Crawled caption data
━━━━━━━━━━━━━━━━━━━━

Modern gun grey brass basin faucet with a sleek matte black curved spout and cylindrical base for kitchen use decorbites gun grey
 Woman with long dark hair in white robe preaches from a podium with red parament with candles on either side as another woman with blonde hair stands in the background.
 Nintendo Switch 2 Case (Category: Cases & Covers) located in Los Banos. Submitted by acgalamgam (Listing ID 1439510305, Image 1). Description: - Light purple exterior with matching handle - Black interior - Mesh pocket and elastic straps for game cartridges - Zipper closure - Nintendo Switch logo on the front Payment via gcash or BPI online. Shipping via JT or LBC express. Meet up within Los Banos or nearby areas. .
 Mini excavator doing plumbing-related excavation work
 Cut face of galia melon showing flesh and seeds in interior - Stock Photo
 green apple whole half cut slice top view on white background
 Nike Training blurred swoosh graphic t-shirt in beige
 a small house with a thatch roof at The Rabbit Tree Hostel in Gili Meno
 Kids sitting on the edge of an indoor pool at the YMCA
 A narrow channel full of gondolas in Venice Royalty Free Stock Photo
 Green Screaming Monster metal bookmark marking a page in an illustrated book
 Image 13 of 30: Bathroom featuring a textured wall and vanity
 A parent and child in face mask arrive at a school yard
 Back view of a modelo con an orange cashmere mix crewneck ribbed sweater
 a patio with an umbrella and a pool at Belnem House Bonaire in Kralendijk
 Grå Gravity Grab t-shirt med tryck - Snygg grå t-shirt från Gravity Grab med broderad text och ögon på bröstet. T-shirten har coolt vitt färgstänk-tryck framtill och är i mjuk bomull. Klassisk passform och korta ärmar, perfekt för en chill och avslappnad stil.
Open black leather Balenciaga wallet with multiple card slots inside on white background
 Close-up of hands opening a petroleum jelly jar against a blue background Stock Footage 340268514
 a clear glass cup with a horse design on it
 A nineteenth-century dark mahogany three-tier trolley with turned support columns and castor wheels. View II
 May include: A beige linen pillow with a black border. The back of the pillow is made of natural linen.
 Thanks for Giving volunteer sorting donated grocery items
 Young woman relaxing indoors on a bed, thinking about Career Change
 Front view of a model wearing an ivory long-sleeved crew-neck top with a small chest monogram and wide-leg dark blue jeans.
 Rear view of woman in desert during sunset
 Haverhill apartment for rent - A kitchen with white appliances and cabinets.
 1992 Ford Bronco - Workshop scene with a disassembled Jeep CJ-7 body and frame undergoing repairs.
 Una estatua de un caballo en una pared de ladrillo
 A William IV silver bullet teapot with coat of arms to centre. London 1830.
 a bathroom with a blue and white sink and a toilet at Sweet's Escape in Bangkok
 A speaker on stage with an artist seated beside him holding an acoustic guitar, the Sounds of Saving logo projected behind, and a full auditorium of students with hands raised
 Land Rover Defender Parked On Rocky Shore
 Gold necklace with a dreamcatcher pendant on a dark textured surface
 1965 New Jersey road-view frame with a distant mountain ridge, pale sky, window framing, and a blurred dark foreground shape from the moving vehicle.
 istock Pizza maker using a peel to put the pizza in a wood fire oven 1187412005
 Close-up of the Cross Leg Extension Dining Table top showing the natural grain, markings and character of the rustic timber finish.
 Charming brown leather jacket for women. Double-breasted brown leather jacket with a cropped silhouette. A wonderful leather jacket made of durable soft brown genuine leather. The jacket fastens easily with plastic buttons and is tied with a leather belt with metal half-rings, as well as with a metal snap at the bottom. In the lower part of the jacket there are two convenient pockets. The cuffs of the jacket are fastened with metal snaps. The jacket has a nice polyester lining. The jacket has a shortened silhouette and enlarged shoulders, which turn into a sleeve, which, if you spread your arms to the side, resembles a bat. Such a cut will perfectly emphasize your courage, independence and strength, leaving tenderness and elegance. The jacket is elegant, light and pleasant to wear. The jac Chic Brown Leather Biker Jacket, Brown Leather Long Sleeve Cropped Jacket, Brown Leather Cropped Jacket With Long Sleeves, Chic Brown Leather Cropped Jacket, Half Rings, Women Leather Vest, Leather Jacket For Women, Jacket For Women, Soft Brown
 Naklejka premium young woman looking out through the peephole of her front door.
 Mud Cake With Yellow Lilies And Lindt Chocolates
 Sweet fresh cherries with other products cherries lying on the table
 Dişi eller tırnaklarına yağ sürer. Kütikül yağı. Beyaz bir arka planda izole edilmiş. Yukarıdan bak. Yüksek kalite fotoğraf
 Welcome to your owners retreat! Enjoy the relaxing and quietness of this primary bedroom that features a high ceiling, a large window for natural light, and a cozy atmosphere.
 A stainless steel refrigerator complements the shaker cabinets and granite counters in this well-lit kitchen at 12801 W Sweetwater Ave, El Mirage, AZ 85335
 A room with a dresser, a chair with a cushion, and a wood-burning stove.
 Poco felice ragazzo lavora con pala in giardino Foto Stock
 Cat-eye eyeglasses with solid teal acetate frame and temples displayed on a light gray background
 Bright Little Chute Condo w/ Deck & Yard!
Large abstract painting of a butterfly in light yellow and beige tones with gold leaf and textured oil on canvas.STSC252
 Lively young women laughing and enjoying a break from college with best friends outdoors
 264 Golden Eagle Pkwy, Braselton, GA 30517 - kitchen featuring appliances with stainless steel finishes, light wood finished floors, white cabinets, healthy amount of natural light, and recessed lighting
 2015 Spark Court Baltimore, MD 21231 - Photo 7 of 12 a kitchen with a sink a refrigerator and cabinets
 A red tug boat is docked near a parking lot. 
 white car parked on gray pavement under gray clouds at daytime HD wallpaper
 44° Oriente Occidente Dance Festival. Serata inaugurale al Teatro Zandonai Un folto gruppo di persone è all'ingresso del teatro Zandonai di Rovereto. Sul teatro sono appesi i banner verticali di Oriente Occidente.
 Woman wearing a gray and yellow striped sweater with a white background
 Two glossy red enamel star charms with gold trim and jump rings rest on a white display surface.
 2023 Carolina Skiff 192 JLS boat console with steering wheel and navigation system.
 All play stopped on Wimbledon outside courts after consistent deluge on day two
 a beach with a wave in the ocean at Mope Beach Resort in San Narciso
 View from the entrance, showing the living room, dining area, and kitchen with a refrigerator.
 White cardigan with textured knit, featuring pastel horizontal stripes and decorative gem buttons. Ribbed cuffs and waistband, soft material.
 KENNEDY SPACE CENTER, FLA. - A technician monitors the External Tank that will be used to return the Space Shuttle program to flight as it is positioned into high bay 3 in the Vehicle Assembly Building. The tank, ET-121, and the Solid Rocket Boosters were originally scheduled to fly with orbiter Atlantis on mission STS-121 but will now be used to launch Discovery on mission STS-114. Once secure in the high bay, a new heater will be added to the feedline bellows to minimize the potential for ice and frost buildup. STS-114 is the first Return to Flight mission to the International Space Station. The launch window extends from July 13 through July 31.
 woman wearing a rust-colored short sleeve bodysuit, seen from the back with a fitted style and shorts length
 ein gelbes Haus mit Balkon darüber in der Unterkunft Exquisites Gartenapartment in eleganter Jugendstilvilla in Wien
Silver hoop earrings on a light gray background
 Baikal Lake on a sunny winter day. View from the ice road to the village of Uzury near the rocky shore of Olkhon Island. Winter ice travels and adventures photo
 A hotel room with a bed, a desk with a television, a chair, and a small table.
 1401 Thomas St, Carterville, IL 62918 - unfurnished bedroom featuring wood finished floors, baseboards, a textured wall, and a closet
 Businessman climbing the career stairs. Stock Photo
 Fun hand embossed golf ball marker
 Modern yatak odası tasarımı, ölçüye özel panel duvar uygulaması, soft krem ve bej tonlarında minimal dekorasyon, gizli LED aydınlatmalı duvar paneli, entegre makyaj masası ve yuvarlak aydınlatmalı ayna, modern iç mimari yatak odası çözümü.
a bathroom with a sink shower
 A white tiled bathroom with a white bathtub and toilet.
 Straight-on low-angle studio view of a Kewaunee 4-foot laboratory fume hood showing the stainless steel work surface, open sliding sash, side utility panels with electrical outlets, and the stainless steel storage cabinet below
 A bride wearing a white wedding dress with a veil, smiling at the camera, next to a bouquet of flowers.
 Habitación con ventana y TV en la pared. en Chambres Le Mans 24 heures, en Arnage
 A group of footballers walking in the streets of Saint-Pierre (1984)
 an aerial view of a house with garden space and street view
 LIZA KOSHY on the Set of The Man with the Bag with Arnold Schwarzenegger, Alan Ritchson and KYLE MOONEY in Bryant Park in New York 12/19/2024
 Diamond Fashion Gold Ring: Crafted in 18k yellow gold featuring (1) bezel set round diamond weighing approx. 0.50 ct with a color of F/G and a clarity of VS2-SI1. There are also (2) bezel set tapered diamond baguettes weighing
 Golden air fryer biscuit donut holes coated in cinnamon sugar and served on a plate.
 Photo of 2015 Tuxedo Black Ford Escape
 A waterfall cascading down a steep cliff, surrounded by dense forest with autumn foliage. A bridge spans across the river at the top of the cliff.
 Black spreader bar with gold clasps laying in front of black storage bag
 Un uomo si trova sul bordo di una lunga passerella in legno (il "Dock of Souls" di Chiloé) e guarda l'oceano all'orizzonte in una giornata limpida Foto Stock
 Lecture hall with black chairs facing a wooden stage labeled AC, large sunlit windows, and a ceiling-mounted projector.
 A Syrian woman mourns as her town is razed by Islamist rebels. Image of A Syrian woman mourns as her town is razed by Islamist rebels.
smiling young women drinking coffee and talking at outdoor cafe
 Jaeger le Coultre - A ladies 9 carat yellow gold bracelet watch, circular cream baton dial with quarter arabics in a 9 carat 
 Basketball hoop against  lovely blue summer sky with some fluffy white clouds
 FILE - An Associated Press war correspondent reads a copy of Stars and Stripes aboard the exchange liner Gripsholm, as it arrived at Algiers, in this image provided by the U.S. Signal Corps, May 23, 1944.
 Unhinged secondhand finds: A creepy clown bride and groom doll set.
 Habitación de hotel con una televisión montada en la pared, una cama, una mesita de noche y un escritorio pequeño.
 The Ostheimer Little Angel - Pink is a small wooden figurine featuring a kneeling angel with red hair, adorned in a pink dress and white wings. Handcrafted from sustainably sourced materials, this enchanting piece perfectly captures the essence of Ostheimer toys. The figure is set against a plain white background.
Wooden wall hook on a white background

━━━━━━━━━━━━━━━━━━━━

- _Activity_
Only one stretch of the data above is needed. Restate it word for word, from the line containing "Rear view of woman in desert during sunset" through the line containing "Close-up of the", both ends included.

- _Result for this task_
 Rear view of woman in desert during sunset
 Haverhill apartment for rent - A kitchen with white appliances and cabinets.
 1992 Ford Bronco - Workshop scene with a disassembled Jeep CJ-7 body and frame undergoing repairs.
 Una estatua de un caballo en una pared de ladrillo
 A William IV silver bullet teapot with coat of arms to centre. London 1830.
 a bathroom with a blue and white sink and a toilet at Sweet's Escape in Bangkok
 A speaker on stage with an artist seated beside him holding an acoustic guitar, the Sounds of Saving logo projected behind, and a full auditorium of students with hands raised
 Land Rover Defender Parked On Rocky Shore
 Gold necklace with a dreamcatcher pendant on a dark textured surface
 1965 New Jersey road-view frame with a distant mountain ridge, pale sky, window framing, and a blurred dark foreground shape from the moving vehicle.
 istock Pizza maker using a peel to put the pizza in a wood fire oven 1187412005
 Close-up of the Cross Leg Extension Dining Table top showing the natural grain, markings and character of the rustic timber finish.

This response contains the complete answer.